Babayevsky
- Company type: Public
- Industry: Confectionery
- Founded: 1804; 222 years ago
- Headquarters: Moscow, Russia
- Key people: Sergey Nosenko
- Products: Candy, chocolate, caramel
- Number of employees: over 15,000
- Website: www.babaev.ru

= Babayevsky (company) =

Russian confectionery manufacturer

OAO Konditerskiy Kontsern Babayevskiy Open Joint-Stock Company (Открытое акционерное общество "Кондитерский концерн Бабаевский") is the oldest Russian confectionery manufacturer and a member of United Confectioners holding company. It is located in Moscow (Malaya Krasnoselskaya St., 7).

== History ==
The factory conducts history since 1804 as a family workshop of the confectioners Abrikosovy. In 1918 it was nationalized. Its current name was received only in 1922 in honor of Peter Akimovich Babayev, chairman of the Sokolniki District Executive Committee. In 1993 it was privatized. In 2002, after the bankruptcy of Inkombank, the controlling interest in the concern was sold to the Amidis LLC for 800 million rubles.

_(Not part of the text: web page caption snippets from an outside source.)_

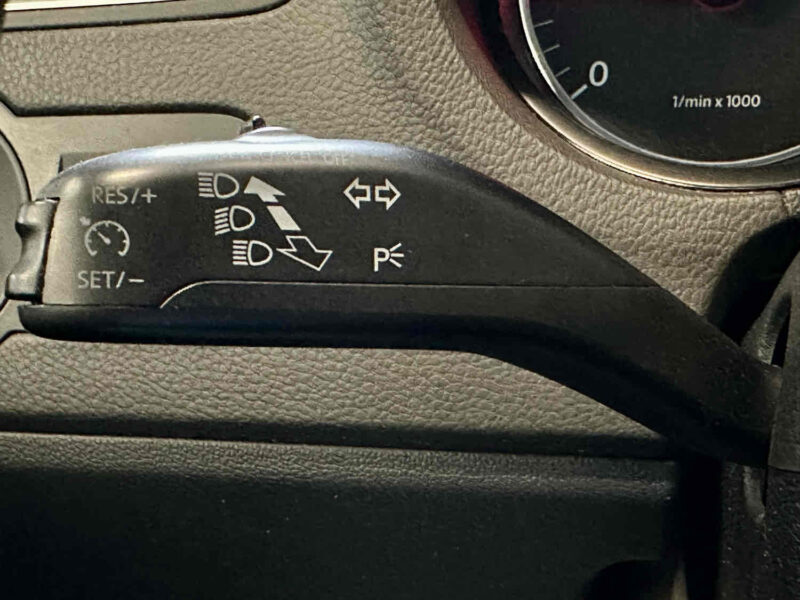 VOLKSWAGEN POLO V 2010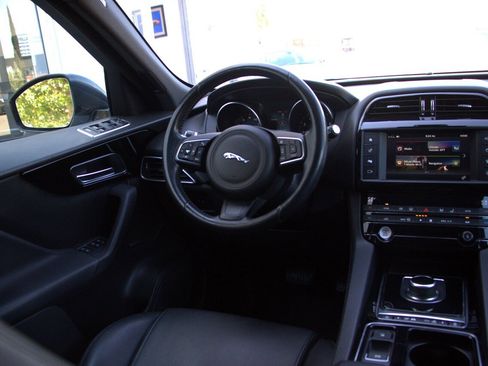 Used 2018 Jaguar F-PACE Premium image 36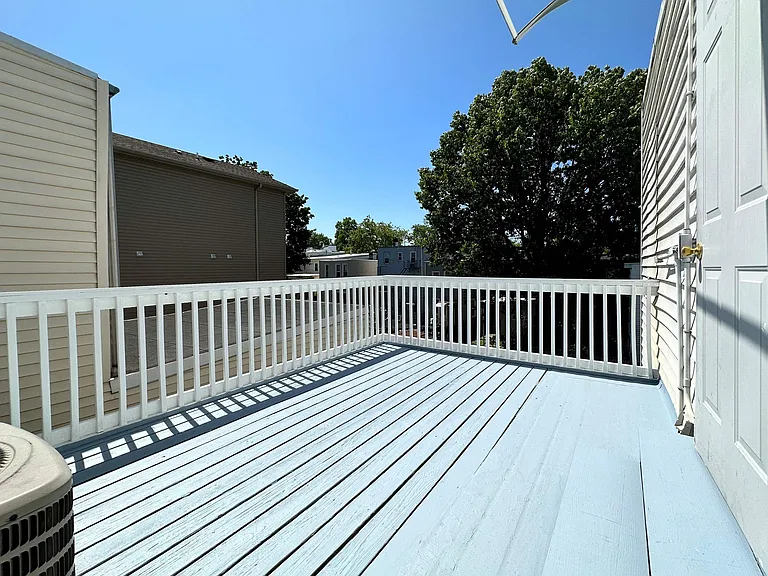 125 Zabriskie St #2 — Photo 2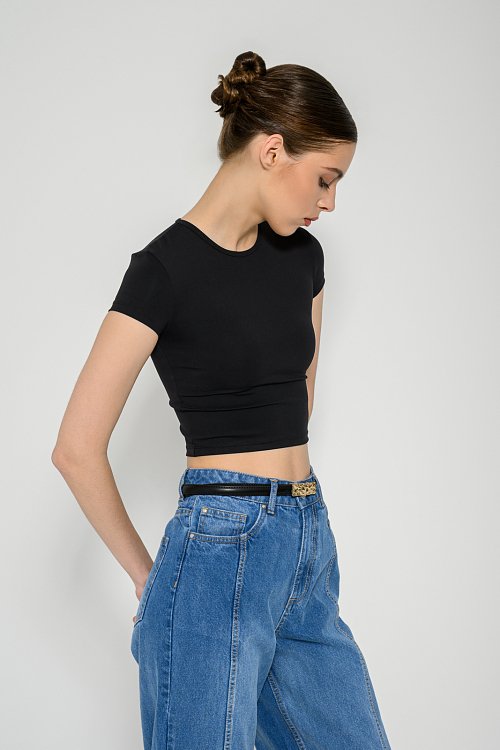 Lycra cropped top with short sleeves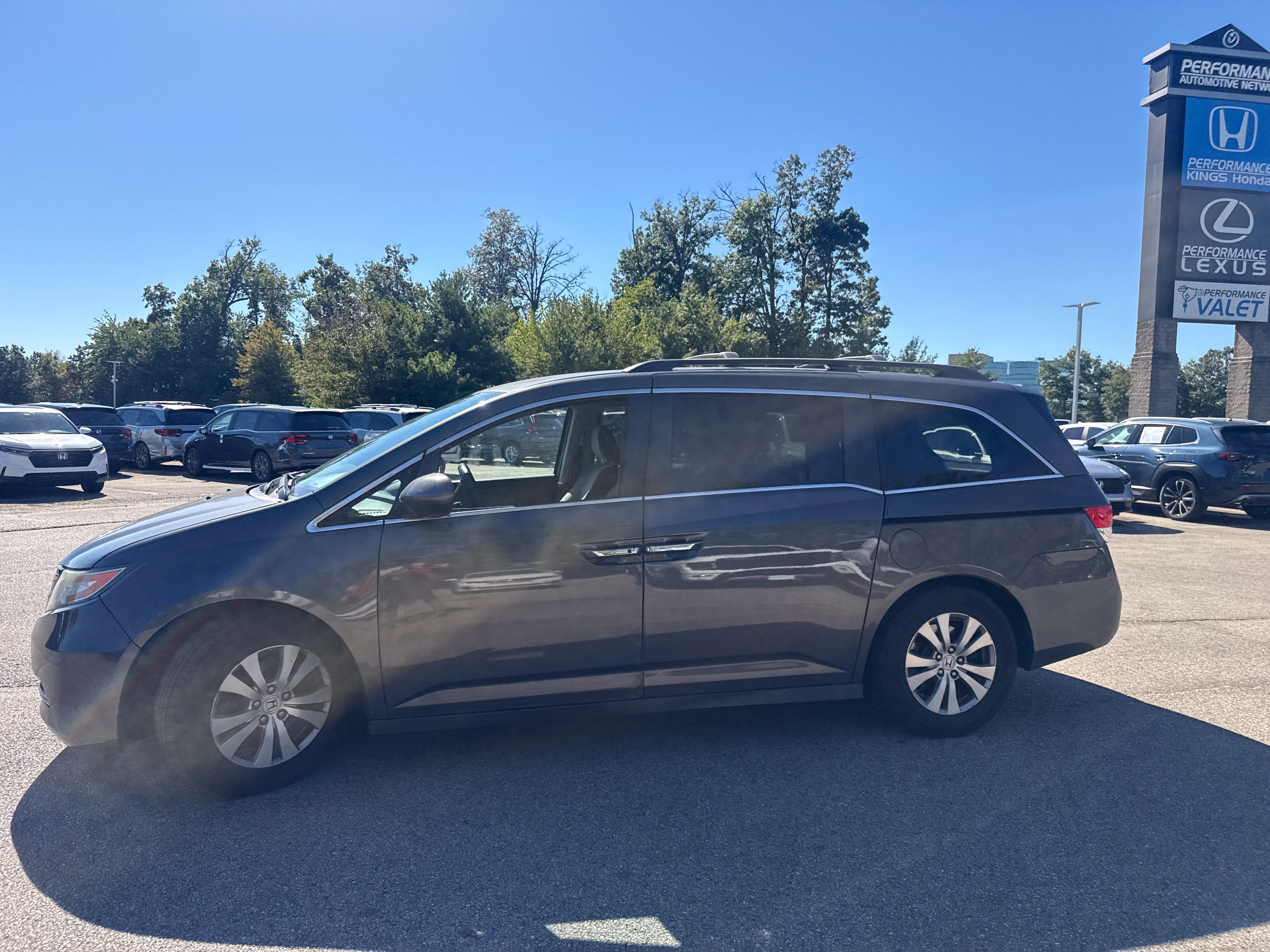 Used 2016 Honda Odyssey SE image 11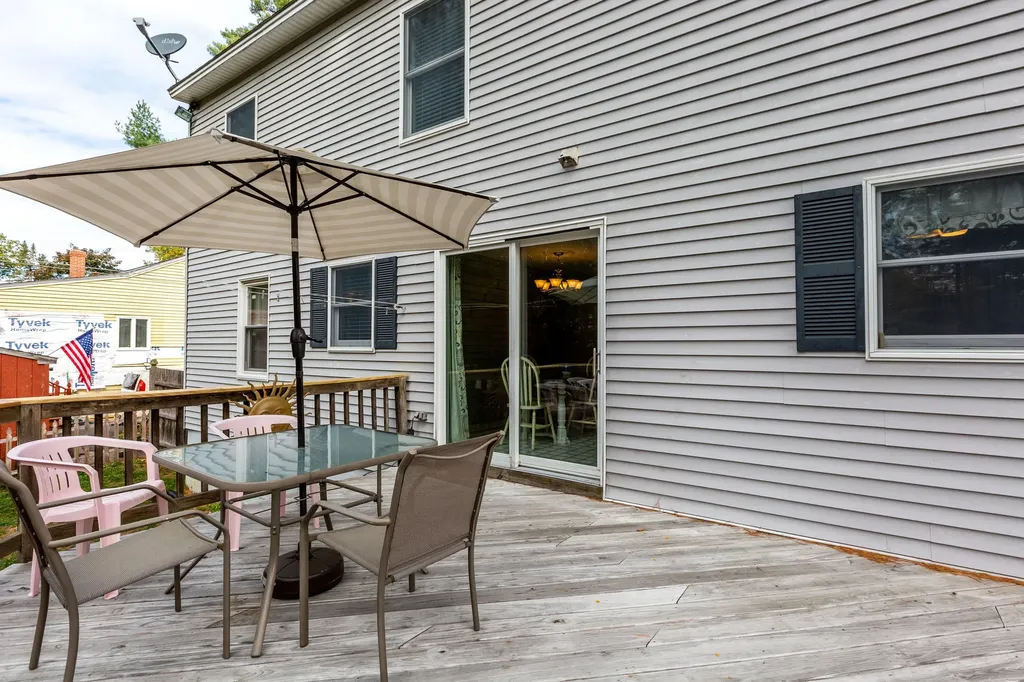 19 Riverview Drive Brunswick ME 04011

It is named after the Soviet revolutionary of Azerbaijani descent Pyotr (Peter) Babayev.

== Babaevsky Confectionery Concern ==
In July 1992, the factory was privatized and became an open joint stock company. In 1998, after the merger of a number of regional confectionery factories, JSC Babaevsky Confectionery Concern was established.

In 2002 after the bankruptcy of Inkombank, the controlling stake in the concern was sold to Amidis LLC for 800 million rubles. In 2003, the Babaevsky Concern became part of the United Confectioners holding, which also includes the well-known factories Krasny Oktyabr, Rot Front, etc. In 2008 the Babaevsky Concern was certified in accordance with the requirements of the new international International Organization for Standardization 22,000 system. In 2012 the Babaevsky Concern received the GOST R ISO 9001-2008 certificate.